Gönderen: karahan - Temmuz 18, 2014, 03:27:44 ös
SN.Cihangir Gener'in onun oğlu isimli romansı bir kitabı var bu konuda yani isa'nın hayatını anlatır çok hoştur okunmasını tavsiye ederim.

karahan
Başlık: Ynt: İsa Üzerine Denilenler
Gönderen: ADAM - Temmuz 18, 2014, 04:12:35 ös

Elbette bizim bu başlığımıza, konumuzun akışına paralel olmak üzere Sayın Karahan'ın sözünü ettiği kitaptan da alıntı ya da oradan esinlenmeyle yorumlar getirilebilir. Böylece buradaki irdeleyişimiz zenginleştirilebilir.
Başlık: Ynt: İsa Üzerine Denilenler
Gönderen: ceycet - Temmuz 18, 2014, 04:54:20 ös

İsa'nın doğum hikayesinin,Baküs ve Mitra'nınki ile neredeyse birebir örtüşmesi dikkate değerdir,sanırım.
Başlık: Ynt: İsa Üzerine Denilenler
Gönderen: BULGARIA - Temmuz 18, 2014, 05:08:04 ös
Bende kendi açımdan bir iki alıntı yapmak isterim o zaman Yehova Şahitleri'nin Dünya'da yaşamış en iyi insan kitabından müsait olduğum ilk fırsatta.
Başlık: Ynt: İsa Üzerine Denilenler
Gönderen: ADAM - Temmuz 18, 2014, 05:49:47 ös

Acaba bire bir örtüşür mü, yoksa sadece benzeşir mi?

Bunun gösterilmesinde yarar var.

Başka doğum öyküleriyle de benzeşmeler oabilir.

Örnekleri görelim.

Yehova Şahitleri'nin kitabından aktarma yapılacaksa lütfen biraz çabuk çünkü konunun akışı sürüyıor.
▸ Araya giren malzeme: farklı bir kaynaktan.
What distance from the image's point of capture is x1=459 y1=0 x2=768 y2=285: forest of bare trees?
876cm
Sonra geri dönemeyiz. Asıl bundan sonrası ilginçleşecek.

Başlık: Ynt: İsa Üzerine Denilenler
Gönderen: BULGARIA - Temmuz 18, 2014, 11:08:20 ös
Şimdi söz verdiğim üzere Yehova şahitleri kaynaklı dünyada yaşamış en büyük adam kitabından aktarımlarda bulunayım izninizle ;


Der ki kitapta,

M.ö 3 yılında bir gün Tanrı'nın aracılığıyla melek Cebrail tarafından Meryem'e bir haber iletildi : Meryem adlı genç kıza Cebrail melek şöyle söyledi,sonsuza dek kral olacak bir erkek çocuk doğuracaksın. Bunun üzerine Meryem bu nasıl olur ? Bir erkekle ilişkim olmadı ki diye cevap verdi. ( Bu kısıma kadar olan yerde soruları 1. Kısım soruları olarak alabılırım.)
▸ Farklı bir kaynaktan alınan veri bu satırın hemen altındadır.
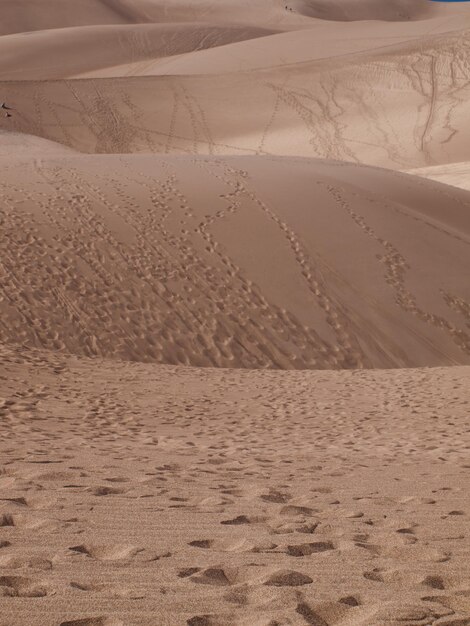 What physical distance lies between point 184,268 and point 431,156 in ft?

Cebrail şu açıklamayı yaptı ;

Mukaddes ruh senin üzerine gelecek,yüce olanın kudreti üzerine gölge salacak,bunun içinde doğacak mukaddese Allah'ın oğlu denecek. Meryem'in mesaja inanmasını sağlamak amacıyla Cebrail şöyle devam etti ;

Ve işte senin akrabalarından Elisabeth ihtiyarlığında bir oğlana gebe kaldı.ve kendisine kısır denilen kadının bu hamilelikte altıncı ayıdır. Zira Allah'tan olan bir söz hükümsüz kalmaz. Bunun üzerine Meryem Cebrail'in söylediklerine inandı ve şöyle dedi ; işte ben ! Yehova'nın kulu ! Bana dediğin gibi olsun.
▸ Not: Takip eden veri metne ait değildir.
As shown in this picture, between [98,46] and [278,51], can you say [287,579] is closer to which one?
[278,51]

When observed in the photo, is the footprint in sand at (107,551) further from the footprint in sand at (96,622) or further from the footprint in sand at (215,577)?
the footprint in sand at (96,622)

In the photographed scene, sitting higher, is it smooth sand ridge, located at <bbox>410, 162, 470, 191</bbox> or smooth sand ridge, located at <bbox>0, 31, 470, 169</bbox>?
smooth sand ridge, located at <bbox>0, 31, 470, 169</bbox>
Buraya kadar tamam. Soru ve yorumları merak etmıyor değilim. Ama benımde bir sorum olacak ? Meryem bu süre zarfından sonra hamıleliğinde yaşadığı yerden neden uzaklaşmak zorunda kalmıştır. ?? Ver kimden yardım istemiş,kendisine kim yardım etmiştir.


Sayın ADAM buraya kadar olan kısım kabataslak böyle. Fakat ayrıntıları daha da konuyu derinleştirir. Derinleşirsede inançlı arkadaşlar konudan rahatsız olabilirler.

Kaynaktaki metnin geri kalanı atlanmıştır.